[[ Data extract open ]]
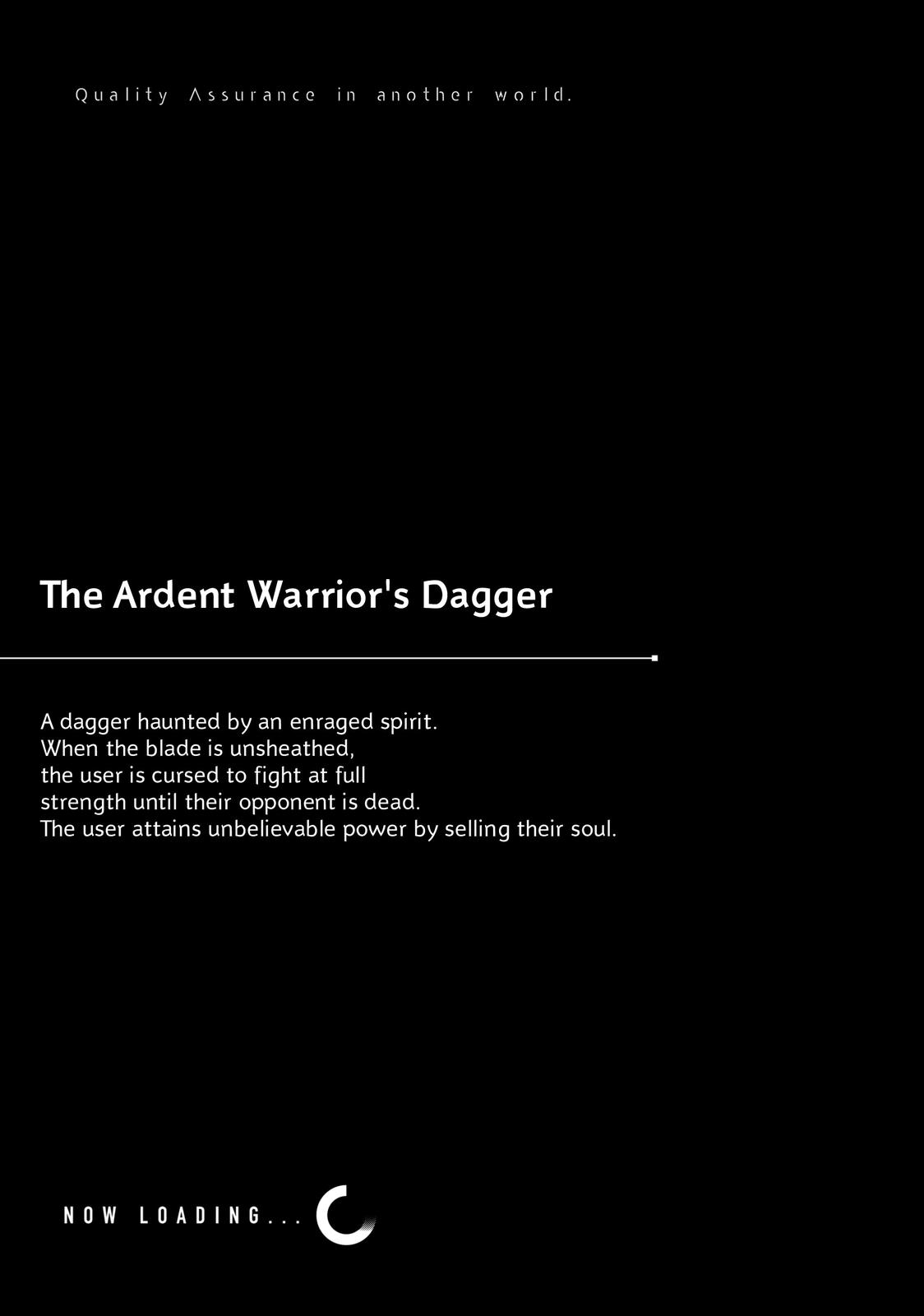 Quality Assurance in Another World Chap 59 - Next Chap 60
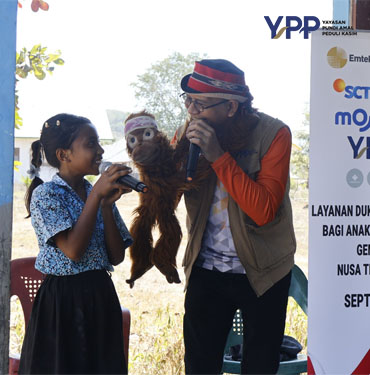 YPP SCTV Indosiar Salurkan Logistik dan Layanan Psikososial bagi Korban Gempa humbanghasundutan di Kuwus Barat dan Boleng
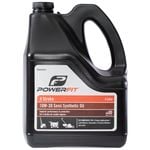 Powerfit 4L 4 Stroke 10W-30 Semi Synthetic Oil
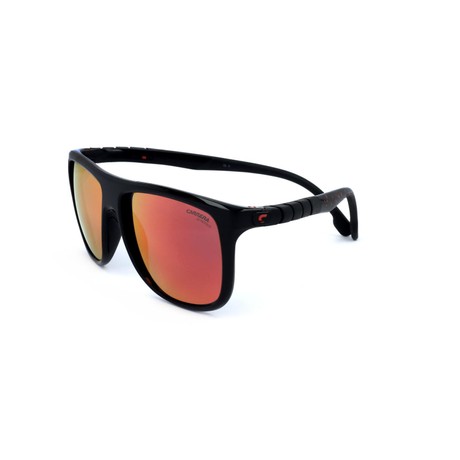 CARRERA HYPERFIT17S - BLACK RED - OKULARY - Image 2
[[ Data extract closed ]]
## [What is required]
From the line that contains "Powerfit 4L 4" to the last line of the data, print each line exactly, both ends included, and omit the pictures.

## [Your response]
 Powerfit 4L 4 Stroke 10W-30 Semi Synthetic Oil
 CARRERA HYPERFIT17S - BLACK RED - OKULARY - Image 2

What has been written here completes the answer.